Estrenada en la Seminci de 2013 y aún inédita en salas españolas, su película Night Moves supone una prolongación del estilo alcanzado en anteriores trabajos. Remite, de forma instantánea, al retrato ya visto en Wendy y Lucy (Wendy & Lucy, 2008) de la América rural, un espacio redescubierto por el último cine independiente –Richard Linklater, Sean Durkin, Jeff Nichols, Courtney Hunt– como símbolo de una geografía sin centro, desamparada, en medio de ninguna parte y a medio camino de todas. En esa América de paisajes inhóspitos y largas extensiones agrícolas –válida para diversos estados de ambas vertientes geográficas– solo caben los relatos de vacilaciones y fluctuación. Las excepciones. El anonimato.

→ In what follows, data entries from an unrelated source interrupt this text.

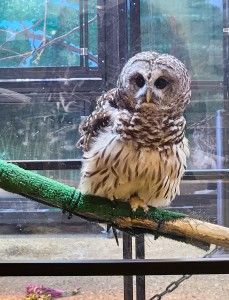 Blandford Nature Center Barred Owl Wildlife Ambassador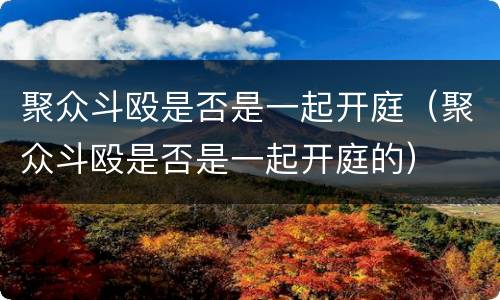 聚众斗殴是否是一起开庭（聚众斗殴是否是一起开庭的）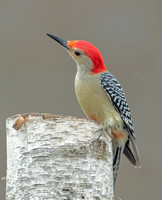Red-bellied Woodpecker, 10 February 2022, Mansfield, Tolland Co.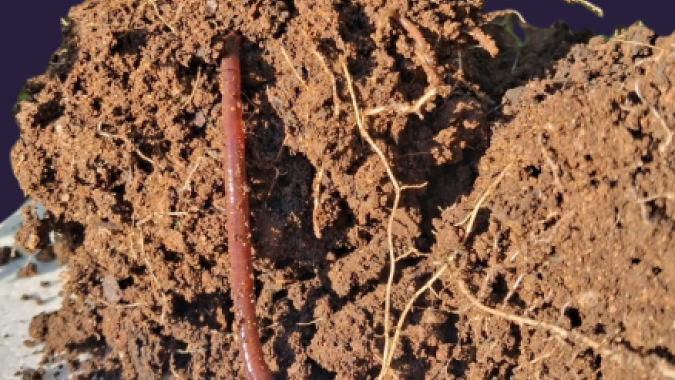 Necessidades qualitativas da agricultura regenerativa, por Afonso Peche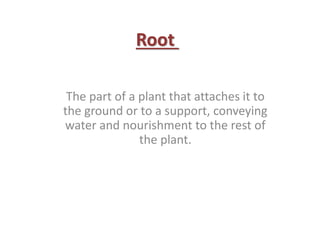 Modifications of roots | PPTX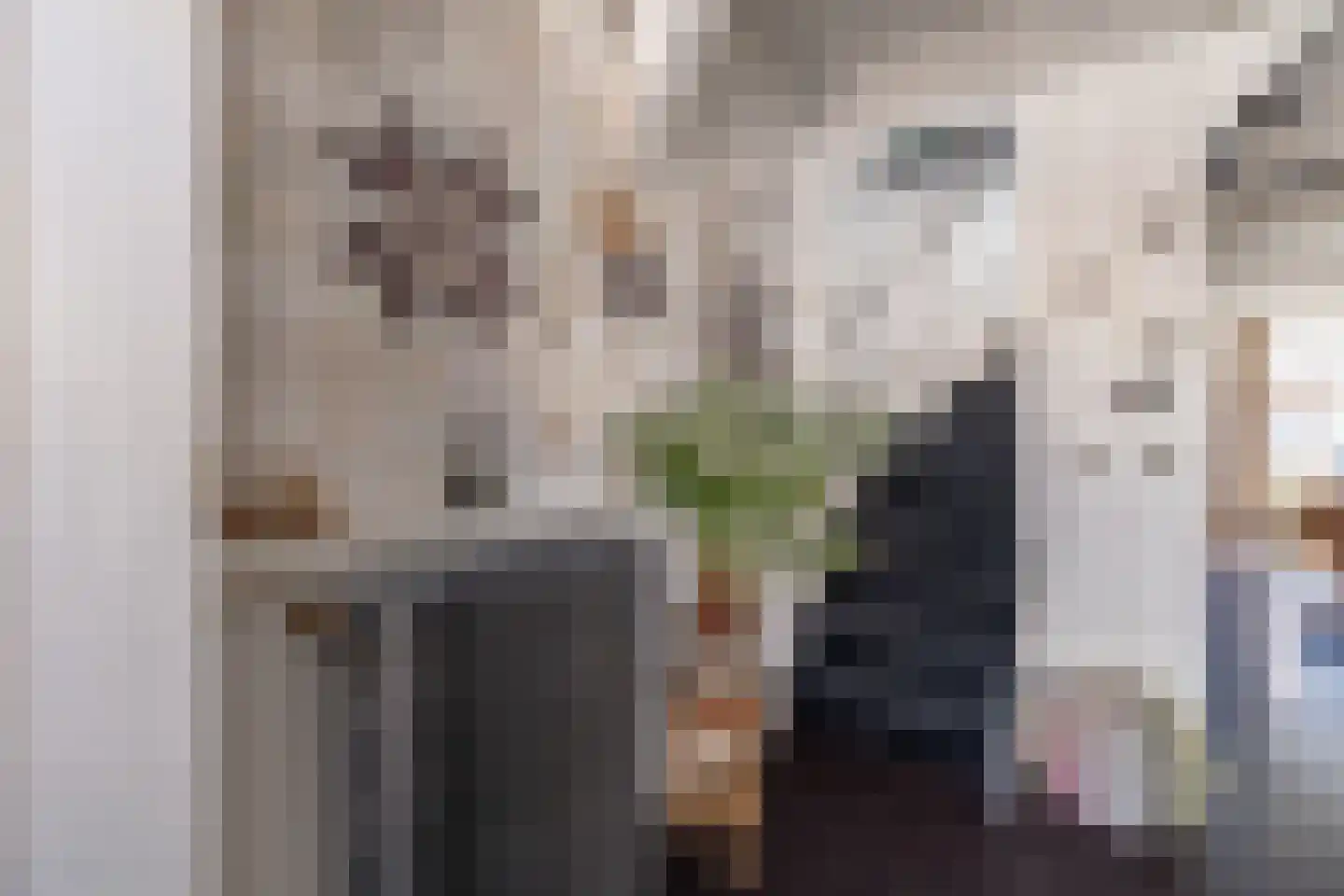 Rechtestraat 25 De Rijp thumbnail 18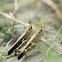 Grasshopper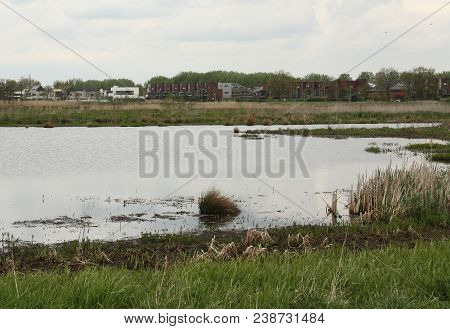 Nature Reserve 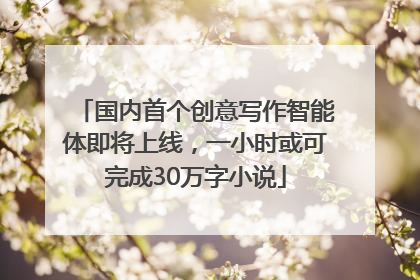 国内首个创意写作智能体即将上线，一小时或可完成30万字小说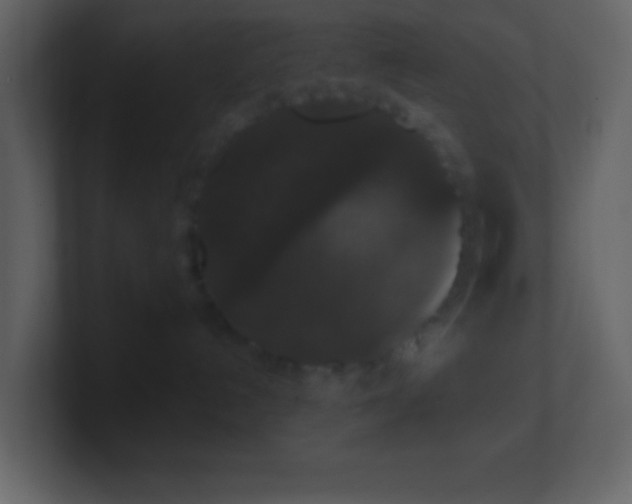 X0000101430192200807071349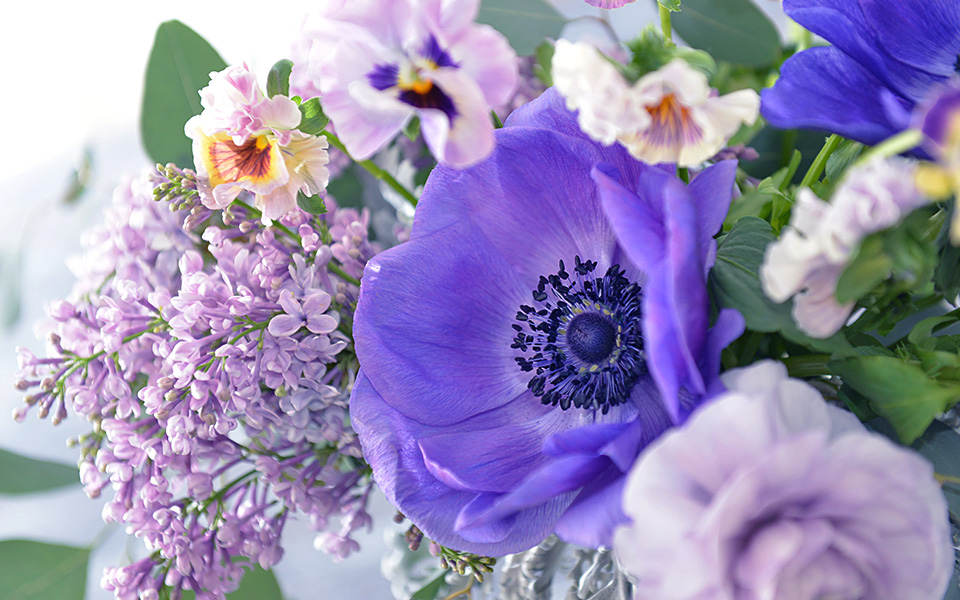 自宅で楽しむコラム「FLOWER STORY」「紫 × シルバー」でクールに飾る｜フラワーギフト通販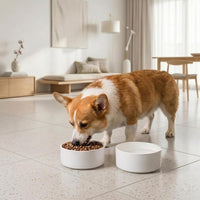 Ceramic Dog Bowl for Food and Water - Medium / White - image 4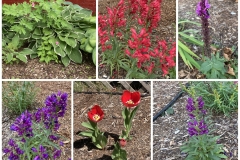 35-flowers-collage-small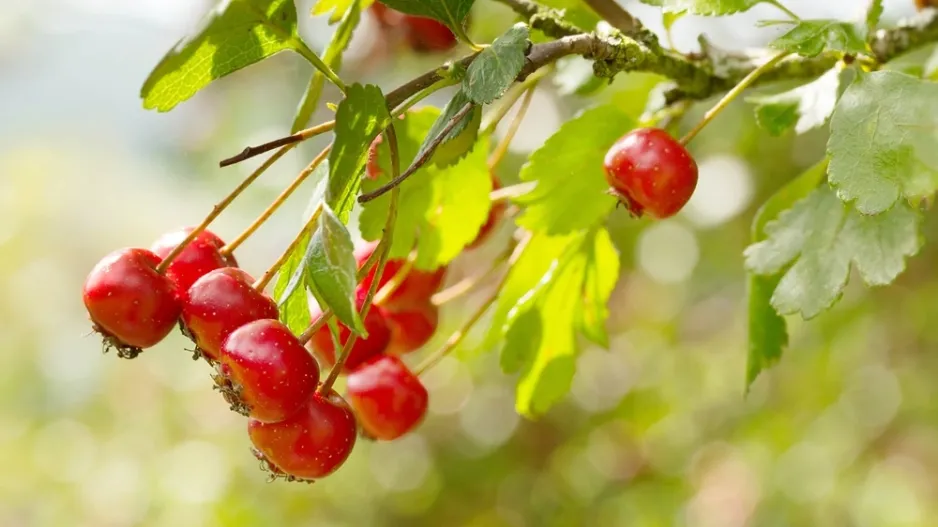Hloh obecný (Crataegus laevigata) 
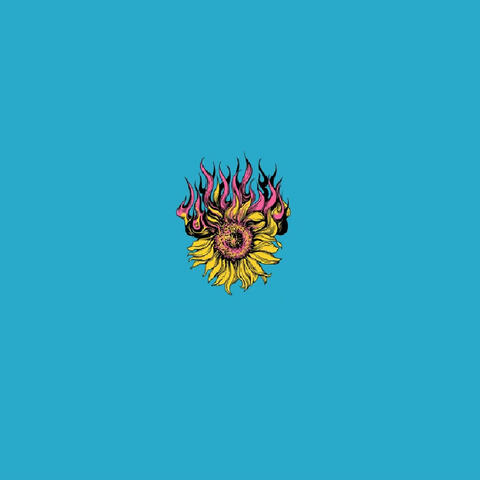 sunflowers album art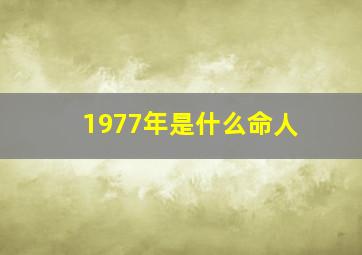 1977年是什么命人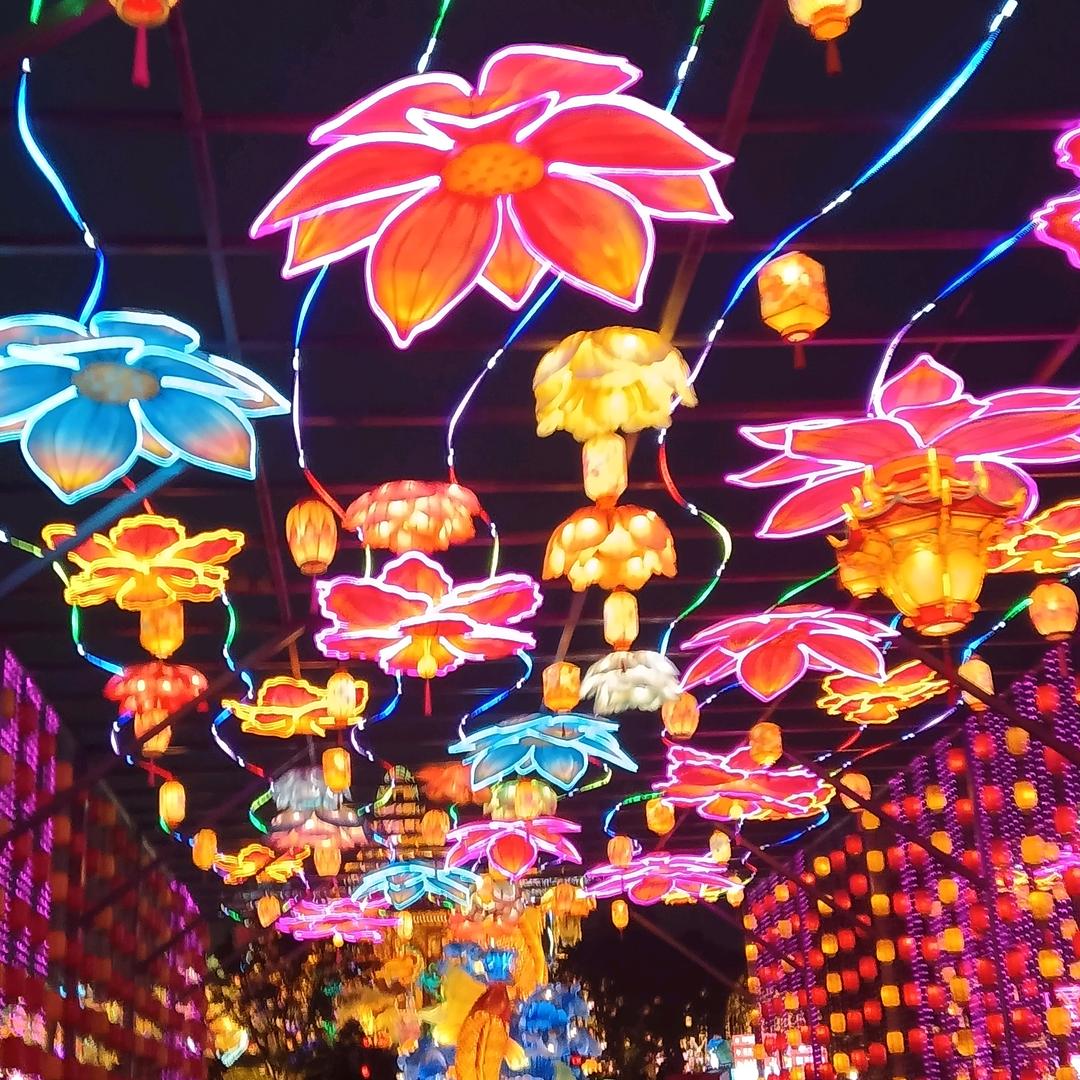 胤然自得头像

La historia extraoficial.
Y aunque Night Moves carezca de la impronta mítica de Meek’s Cutoff (2012), comparte con ella el descubrimiento del género como espacio para la subversión, en aquel caso del western y ahora del thriller, reducto moderno del héroe afirmativo y redentor.
Insuflando ambigüedad y desequilibrio y desestructuración a unas estructuras tan asentadas, Reichardt cuestiona y ataca, al mismo tiempo, el sustento ideológico que estas nos transmiten.
Proceder al derribo de esas ideas exige, por lo tanto, aplicarse a la dualidad del contenido y las formas narrativas. En sus películas no se propone un ataque al sistema desde dentro, sino una reversión del propio sistema en contra de sus estructuras. Su cine convierte el género en un espacio de incertidumbre lo suficientemente abierto para evitar el acomodo del espectador. Si se trata de un thriller sobre una acción terrorista a favor del medio ambiente, la pelicula comienza por negar el suspense como forma de identificarse con los personajes. Su tempo fluirá lento y contemplativo, envuelto en una noche –aludida ya desde el título– que confunde las siluetas y los contornos de lo bueno y lo malo, lo útil y lo perjudicial. El espectador de Night Moves se siente desubicado desde la primera secuencia, donde los activistas muestran nula emoción ante lo que están dispuestos a realizar. Parecen indiferentes, desencantados, inseguros, quizás ni siquiera sean conscientes de su gravedad. Porque tampoco hablan de ello si no es para fomentar la desconfianza entre unos y otros. La desconfianza sobre su propósito.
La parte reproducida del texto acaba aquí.